Further contributing to the strong operating leverage demonstrated in these businesses were lower discounts of approximately $38 required to facilitate retail boat sales and about $20 million of reduced bad debt provisions primarily in the Engine segment. Lower pension expense of approximately $10 million also had a favorable effect on the Engine and Bowling & Billiards segments, as well as on corporate expenses. The portion of the pension expense reduction, and the lower bad debt expense were the primary factors that reduced our second quarter’s SG&A by 14%.
Our cash increased by $93 million from year end and net debt decreased by $120 million. Peter will comment in his remarks on the key factors affecting the quarter’s improved cash position, as well as provide you with an update on cash flow targets for the remainder of the year that will support our objective of generating positive cash flow in 2010. Although encouraged by our first half financial results, driven primarily by a return to a more normal relationship between wholesale and retail sales, overall Marine retail demand continue to decrease in the first six months and remained at historically low levels.
Let’s review the preliminary second quarter US Marine industry data. Fiberglass sterndrive in the inboard boat unit retail demand fell by 29%. This compares to declines of 23% in the first quarter of 2010 and 33% in the second quarter of 2009. Outboard fiberglass boat retail unit demand fell 16% in the second quarter. This compares to declines of 22% in the first quarter of 2010 and 29% in the second quarter of 2009.
Aluminum product demand increased by 4% in the quarter. This compares to a declines of 15% in the first quarter of 2010 and 26% in the second quarter of 2009. After taking into account the different unit volumes represented in each of these segments, preliminary total industry unit demand declined approximately 9% in the second quarter. This compares to a 20% decline in the first quarter. For the first six months of 2010, total industry demand declined by 13%. The 13% first half decline is slightly greater than our full-year 2010 timing assumption of down 10%. While the lower price aluminum boats have begun to show signs of stability which could be a leading indicator of future demand for the overall boat market, perhaps capitalize boats had yet to experience any significant improvements, as (inaudible) declines are only modestly less than the declines experienced in 2008, in 2009.

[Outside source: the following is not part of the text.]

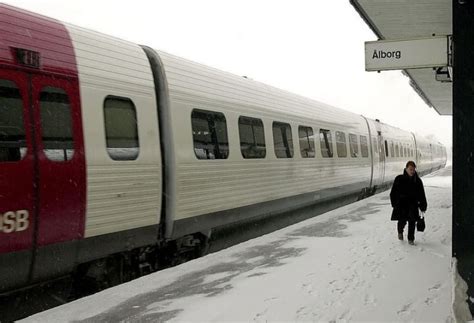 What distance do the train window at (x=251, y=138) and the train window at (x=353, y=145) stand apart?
22.5 feet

The consumer remained very reluctant to demand in this category. Retail demand has not only been mixed by category but also by geographic regions. One area of note is the multi state region that has been hit by the Gulf oil spill beginning in late April. The incident has more significantly affected our Saltwater fishing brand, prior today’s announcement regarding the sale of our Triton brand our exposure in the menus may reduce. Our recreational brands had been affected to a lesser degree. And all of the future ramifications upon our businesses remain unknown, we’re encouraged by the recent news regarding the containment of the Orley (ph) in the decline in surface oil.